Que se alcen algunas voces en las filas socialistas –y entre ellas nada menos que la de Felipe González– pidiendo el máximo consenso en lo concerniente al Estatuto catalán es algo que nos devuelve por unos momentos a la lógica virtuosa sobre la que se construyó nuestra democracia. Parece evidente que las opiniones del ex presidente del gobierno, de Bono o de Ibarra reflejan, en este punto, las de buena parte de su partido. Ellos simplemente pueden hablar porque nadie va a dejarlos fuera de ninguna foto, que es lo que sin duda le ocurriría al diputado de a pie que osara discrepar de la línea gubernamental.
 
No hay que engañarse, toda esta crisis, de principio a fin, es resultado directo de la irresponsabilidad de Zapatero, de su falta de compromiso con las premisas de nuestra democracia, de su manía de entroncar con la Segunda República, de su incurable sectarismo y de una dinámica política que se remonta a la segunda legislatura de Aznar y que se traduce en fatídica ley: cuanto más maniqueo, simple, demagógico y cainita es el discurso socialista, más medra Zapatero.
 
Los ponentes catalanes del estatuto, incluyendo a los separatistas, no hubieran introducido el término “nación” en el articulado (hasta ellos comprendían que era flagrantemente inconstitucional) si no les hubiera animado el presidente del gobierno al exponer sus extemporáneas dudas sobre el concepto.
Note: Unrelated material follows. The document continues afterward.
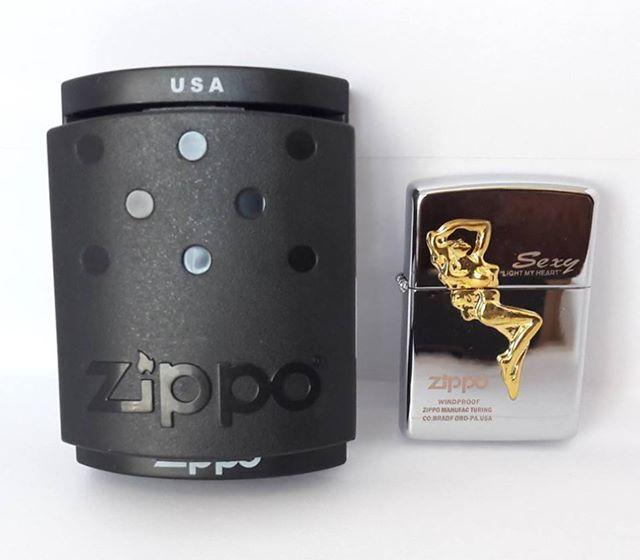 

Зажигалка ZIPPO Бензиновая (Sexy Gold) (2254)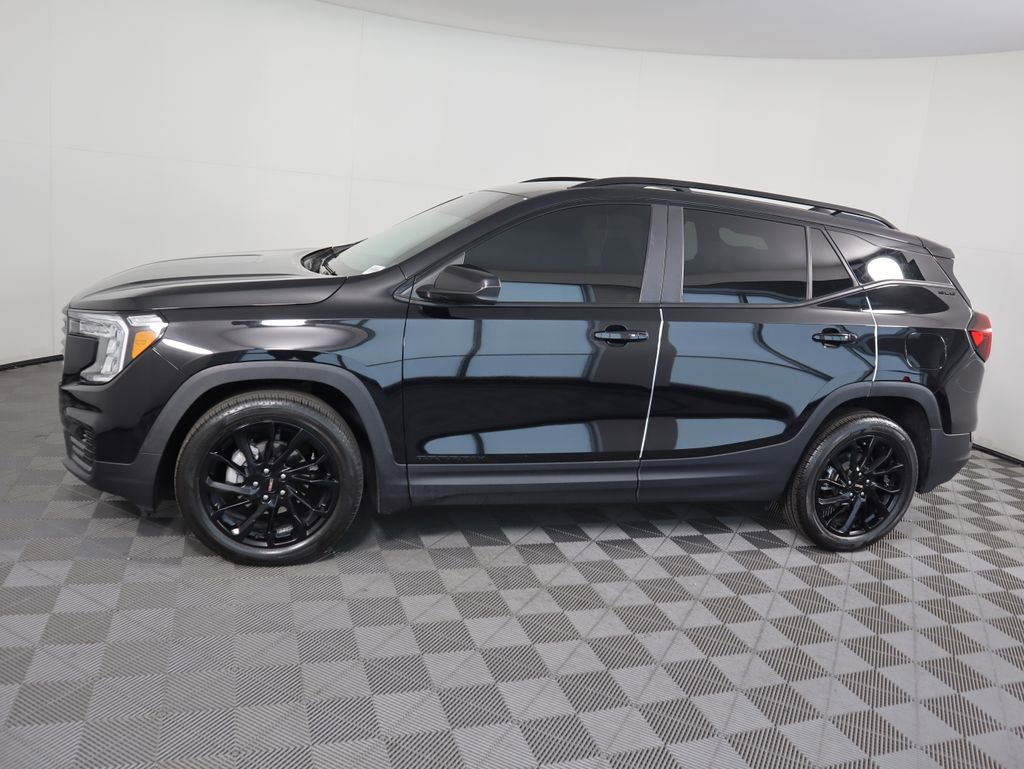 Used 2023 GMC Terrain SLE w/ Driver Convenience Package image 8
Los convergentes no habrían apoyado el proyecto si él no hubiera convocado secretamente a Artur Mas el 19 de septiembre para darle carta blanca a un régimen financiero que exasperó al mismísimo conseller Castells. La prensa catalana y varios importantes empresarios no habrían apostado por la desmesura si él no se hubiera comprometido pública y reiteradamente a aceptar el Estatuto que llegara del Parlament. No se habría formado el tetrapartito de hecho, con sus embajadas y su concertada pedagogía capitalina, si él no hubiera dado tan sobradas muestras de inanidad, de falta de apego a la Constitución y a la propia idea de España.
 
Como resultado de todo esto, los insensatos de siempre y los que acaban de perder la sensatez se han llegado a creer que es posible modificar sustancialmente el modelo político español en contra del partido que representa a más del cuarenta por ciento de los ciudadanos. Y cuando ese partido invoca la Constitución y denuncia los peligros que la acechan, los zapateros y zapateras, lejos de comprender la gravedad de la fractura, pretenden aprovechar la circunstancia para seguir explotando la demagogia de la derechona y de la caverna.
 
Como decíamos, sólo algunos socialistas que no temen por sus futuros emolumentos expresan la evidencia: nada debe hacerse sin el máximo consenso. No albergo esperanza alguna de que al incendiario de la Moncloa le entre en la cabeza.